PHP scripts, correctly configured on modern hardware, shouldn't take long to process. The server was doing fastcgi and had APC, and Arjen Lentz had configured the MySQL database [1]. I was seeing processing times of 100-250ms for most scripts, which seemed reasonable in the environment. The requests to /json/cluster were taking more like 1000-4000ms. Plenty of room for improvement!
After verifying the problem occurred on the staging server too (I didn't have a dev setup), the first step was to add timing information to the action serving that URL (Ushahidi is based off Kohana, it's MVC). After every "paragraph" of code, I added a debugging line that output the accumulated time since the start of the action. The output looked something like this:
[Tue Mar 01 04:05:04 2011] CLUSTER BEGIN, referer: http://dev.eq.org.nz/ [Tue Mar 01 04:05:04 2011] init: 0.000 s, referer: http://dev.eq.org.nz/ [Tue Mar 01 04:05:04 2011] category: 0.000 s, referer: http://dev.eq.org.nz/ [Tue Mar 01 04:05:04 2011] after incident sql: 0.002 s, referer: http://dev.eq.org.nz/ [Tue Mar 01 04:05:04 2011] after incident geometries: 0.078 s, referer: http://dev.eq.org.nz/ [Tue Mar 01 04:05:04 2011] after incident_categories: 0.078 s, referer: http://dev.eq.org.nz/ [Tue Mar 01 04:05:04 2011] after locations: 0.083 s, referer: http://dev.eq.org.nz/ [Tue Mar 01 04:05:04 2011] after creating markers: 0.084 s, referer: http://dev.eq.org.nz/ [Tue Mar 01 04:05:04 2011] after clustering: 0.161 s, referer: http://dev.eq.org.nz/ [Tue Mar 01 04:05:04 2011] after json for clusters: 0.167 s, referer: http://dev.eq.org.nz/ [Tue Mar 01 04:05:04 2011] after json for singles: 0.208 s, referer: http://dev.eq.org.nz/ [Tue Mar 01 04:05:04 2011] done: 0.208s, referer: http://dev.eq.org.nz/
It's a bit messy, but you get the idea. The times in this example are from near the end, when I'd done most of the work.

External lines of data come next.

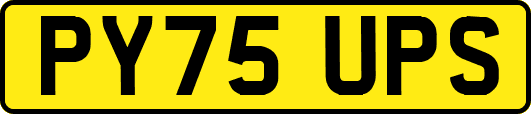 PY75UPS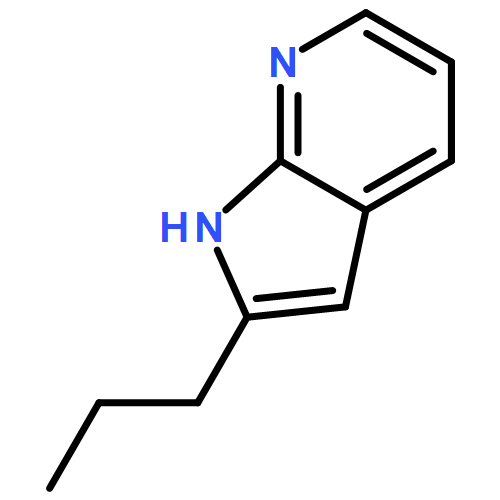 2-PROPYL-1H-PYRROLO[2,3-B]PYRIDINE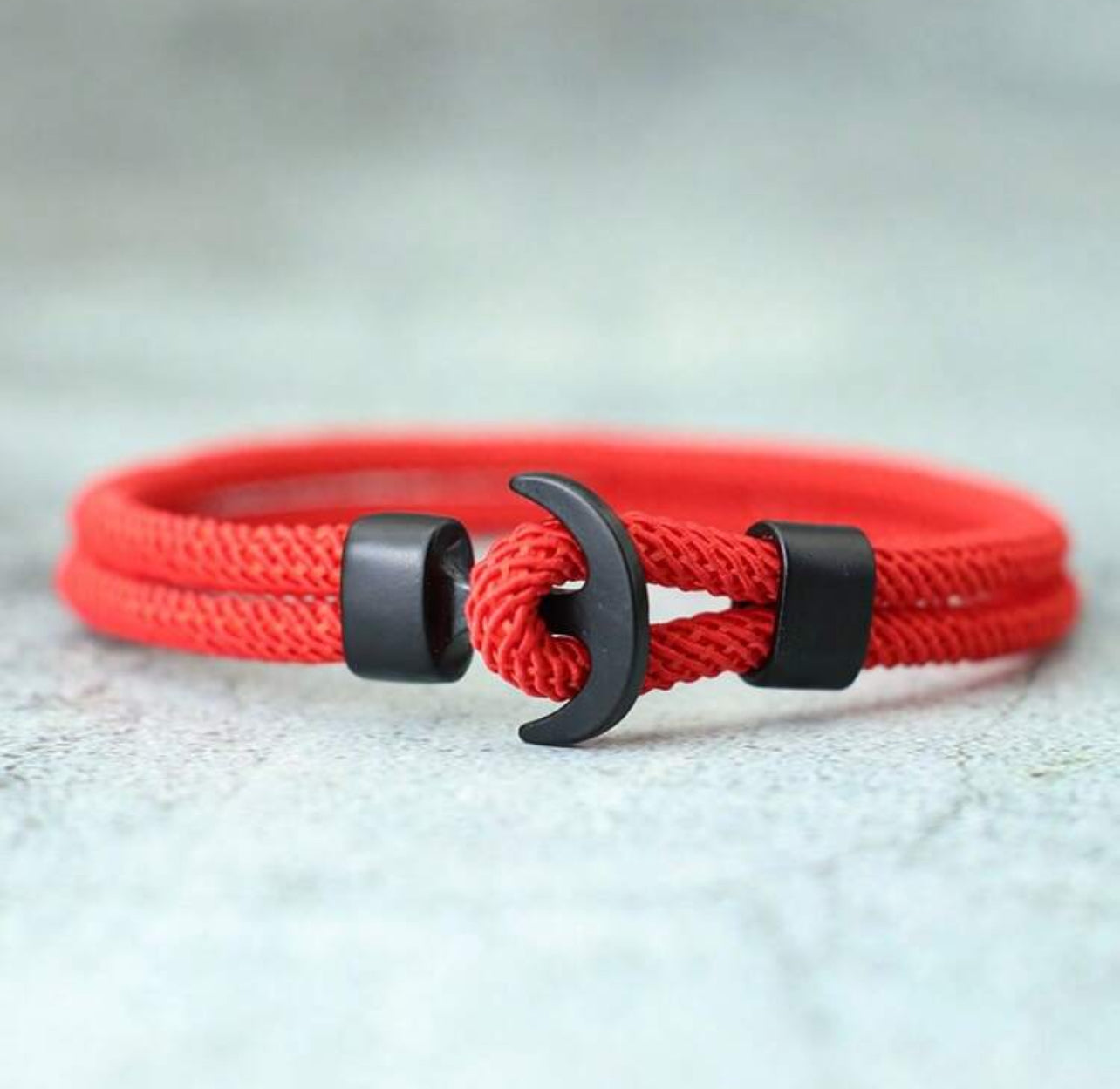 Bracelet Ancre Marin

The nice thing about this format is that it's really easy to see where the big jumps are. For example, the difference between "after incident sql" and "after incident geometries" is about 75ms - an area to investigate. The same again for "after clustering", and then for "after json for singles".
Fixing The Code
Round 1 - the Sqloop
I then picked the first major slowdown, and analysed the code further. What I found was an Sqloop. Simplified, it looked like this:
foreach ($incidents as $incident) {
$geometry_data = $db->query('SELECT ... FROM geometry WHERE incident_id = XXX');
// Do stuff with data
}
This is evil. As the number of incidents grows, so does the number of queries. We had over 1,000 incidents on production. So that was 1,000 queries for each time anybody zoomed the map. MySQL's query cache was probably helping to mask the effects of this, but issuing queries still has a non-zero cost.

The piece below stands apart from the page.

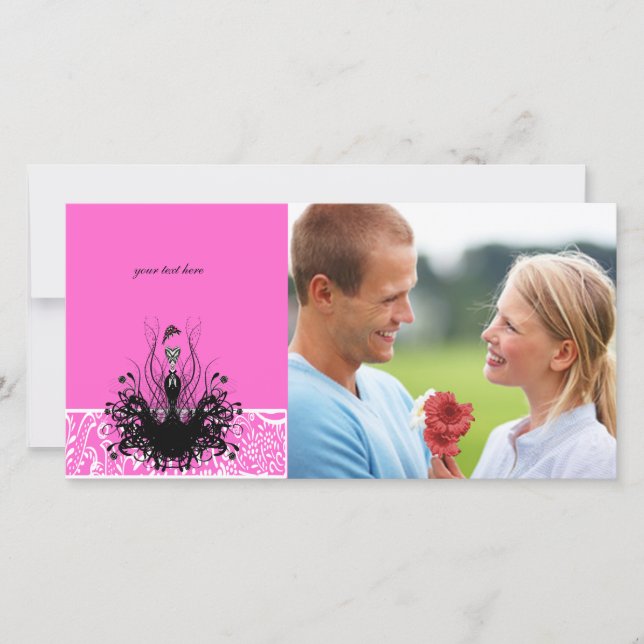 Fashion Diva Invitations, Flyers et Stickers (Devant)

The fix is to drag the SQL outside the loop. Get the data once, without the WHERE clause, and do the WHERE in code. It costs a little more RAM, but it's generally not a problem (and you can grab the data in chunks if you really want).
Here's the patch that I produced. You can see that it actually has little effect on the existing code. Instead of doing the SQL, it calls a function which returns exactly the same data that the SQL would have returned. That method will do a query to get data for all incidents the first time it's called, then cache it in self::$geometry_data for future calls.

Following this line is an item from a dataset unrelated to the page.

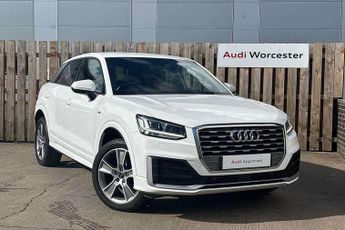 Audi Q2 35 TFSI S Line 5dr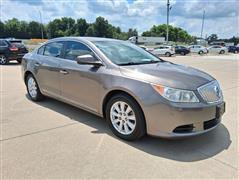2011 Buick LaCrosse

I like this because it has little effect on the existing code. Because I'm not familiar with what the code should do on a high level, I'm happy with simply making sure it behaves exactly as it did before. An Ushahidi developer may have a better idea for optimising this however.
Round 2 - Iterating
A little further down, some code involving the ORM was running pretty slowly, especially given it seemed to simply be a wrapper around one query:
if (count($location_ids) > 0)
{
$locations_result = ORM::factory('location')->in('id',implode(',',$location_ids))->find_all();
}else{
$locations_result = ORM::factory('location')->find_all();
}
$locations = array();
foreach ($locations_result as $loc)
{
$locations[$loc->id]['lat'] = $loc->latitude;
$locations[$loc->id]['lon'] = $loc->longitude;
}
This segment of code was taking 270ms!
My first instinct was that the first half would be the slow bit. ORM::factory('location')->.. blah blah blah that must be slow. But splitting the timing of the two segments revealed that it was actually the second half that was crawling. What could be wrong? It's a simple foreach loop - could there be millions of iterations? Nope count($locations_result) said 510.
The only answer left was that whatever was being iterated was bad at it. It turns out the location result was not a simple array, but some kind of Iterable ORM object. I don't really know much about them, other than if they're that bad at being iterated over, we'd better not use them ;).
I patched this by doing a straight query rather than using the ORM. Again, there are probably other ways, but in this case, this worked fine. The resulting iteration on the raw array was an order of magnitude faster.
Round 3 - JSON generation
I found several instances in the code of JSON generation by string building.
Not only is this code copy/pasted several times throughout the file (leaving it open to bugs when someone fixes one part and not the others), there's an inbuilt PHP function for doing this: json_encode.
While the json generation was definitely a slow point, actually refactoring all of that code to use json_encode would have taken more time than I had available, so I ignored it. Hopefully it'll get fixed upstream some time.
Round 4 - Caching
The last thing I decided to do was implement a bit of caching.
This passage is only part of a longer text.